While most of my concerns so far with the proposed zoning have had to do with complexity or density, another concern keeps nagging at me. A key reason we're updating the zoning, something discussed as long as I've been in these conversations, is to help agriculture. There's a Rural Agricultural zone, and agriculture is allowed in every zone. Farmstands are permitted in every zone now too, something made explicit in the November revisions.

I've heard some complaints that farming isn't considered the "best and highest use" of land, though I'm not entirely sure what legal difference that would make, or if it belongs in zoning in particular. The piece that strikes me as odd at the moment is the one place that seems not to consider agricultural uses: Planned Unit Development. It isn't entirely banned, because the PUD section is effectively a giant loophole in the zoning - there's no minimum acreage required, and any type of PUD can include "Other uses approved by the Planning Board."

However, in this age of local food - something especially popular in this county - it doesn't seem too far fetched to think of a Planned Unit Development that focuses explicitly on agriculture as its central use with other residential and commercial construction built around that model. A recent report, Building Communities with Farms (7.3MB PDF), takes a detailed look at those possibilities, including the experiences of places that have actually done this. It's not just ecovillages, really - the case studies include five developments in Illinois, Georgia, Vermont, Virginia, and Idaho.

Prairie Crossing development map.
Prairie Crossing (Illinois) development map.

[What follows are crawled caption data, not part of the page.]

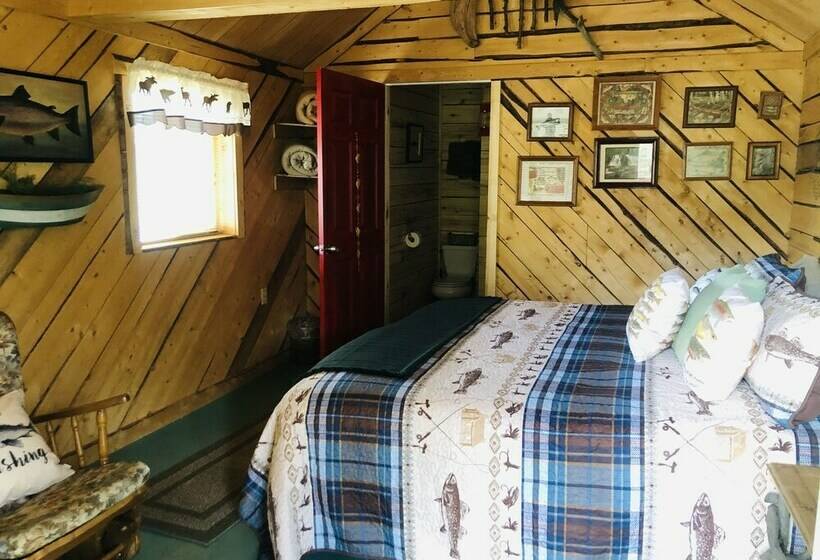 كابينة, Wrangell Mountain Lodge  Private Bathroom With Shower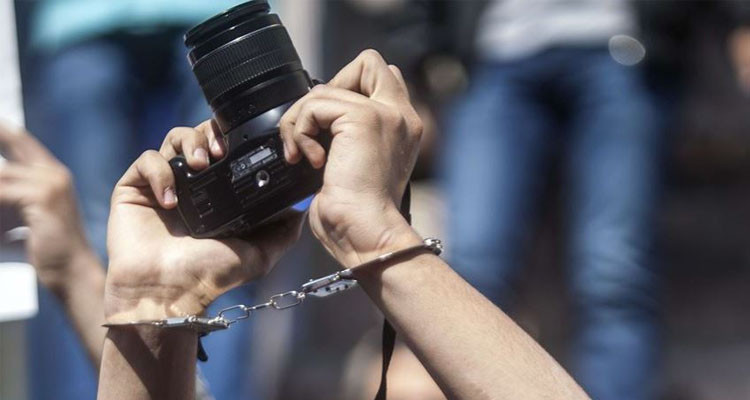 مراسلون بلا حدود: مستوى قياسي جديد لعدد الصحفيين السجناء في العالم
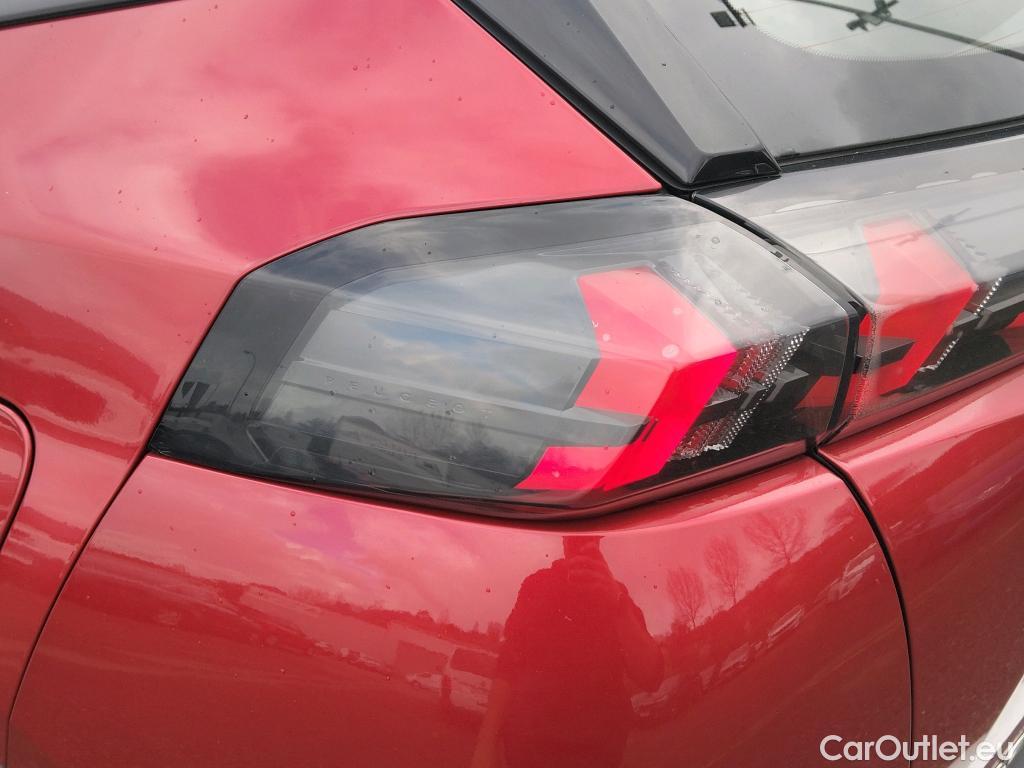  Peugeot  2008 PEUGEOT  / 2019 / 5P / todoterreno Active Pack BlueHDI 81kW (110CV) #3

I'm a little bit cautious about this, as a friend asked whether this could be a way to put a Concentrated Animal Feeding Operation (CAFO) next to worker housing next to a slaughterhouse. I suspect it could, even under the proposed zoning as written, given the giant loopholes in the Planned Unit Development section. I'd like to think, however, that this might be a path toward encouraging developers to create places that are more appealing to live in than a condo complex with a convenience store.